WORK TO BE COMPLETED:
Exact reproduction is required for the lines below starting at the line with "Hi guys, myself" and ending at the line with "Now that we've", both included. No other lines, and no pictures.

INPUT DATA:
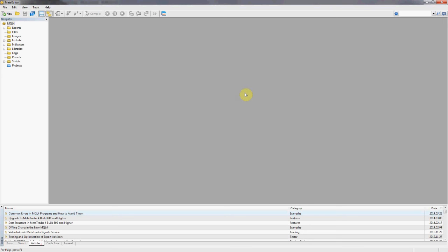Hey, this is Kirill from forexboat.com and today we're going to look at how to create classes in the new MQL4 programming language.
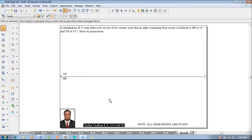Hi guys, myself Vijay Thavadar and in this video I am going to show you a solution on projection of solids. The example problem is: a tetrahedron of 55mm size rests on one of its corners such that an edge containing the corner is inclined to HP at 50 degrees and VP at 30 degrees — draw its projections. Now according to this, one has to construct the tetrahedron.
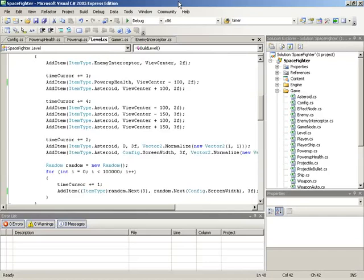Now that we've created a very simple power-up system, let's turn our attention to attachments for our ship. In this video, we will be creating an attachment class. Basically, an attachment is nothing more than an extension of the ship class. With attachments, we can further extend them into things such as sidearms.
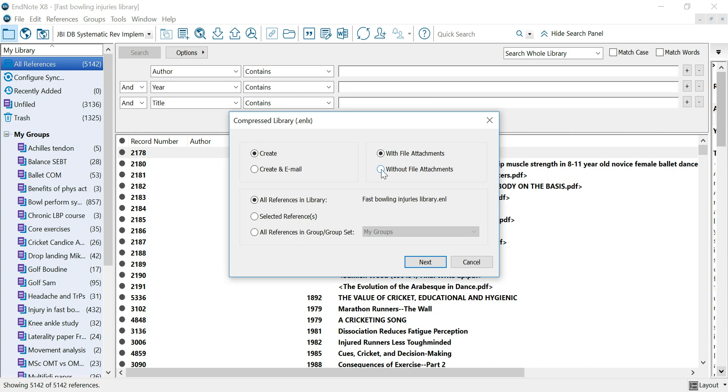If you want to send it via email it may be a good idea to do it without file attachments, but if you would like to send it via WeTransfer, Dropbox, OneDrive, or Google Drive, a bigger document may not give you a problem.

RESPONSE:
Hi guys, myself Vijay Thavadar and in this video I am going to show you a solution on projection of solids. The example problem is: a tetrahedron of 55mm size rests on one of its corners such that an edge containing the corner is inclined to HP at 50 degrees and VP at 30 degrees — draw its projections. Now according to this, one has to construct the tetrahedron.
Now that we've created a very simple power-up system, let's turn our attention to attachments for our ship. In this video, we will be creating an attachment class. Basically, an attachment is nothing more than an extension of the ship class. With attachments, we can further extend them into things such as sidearms.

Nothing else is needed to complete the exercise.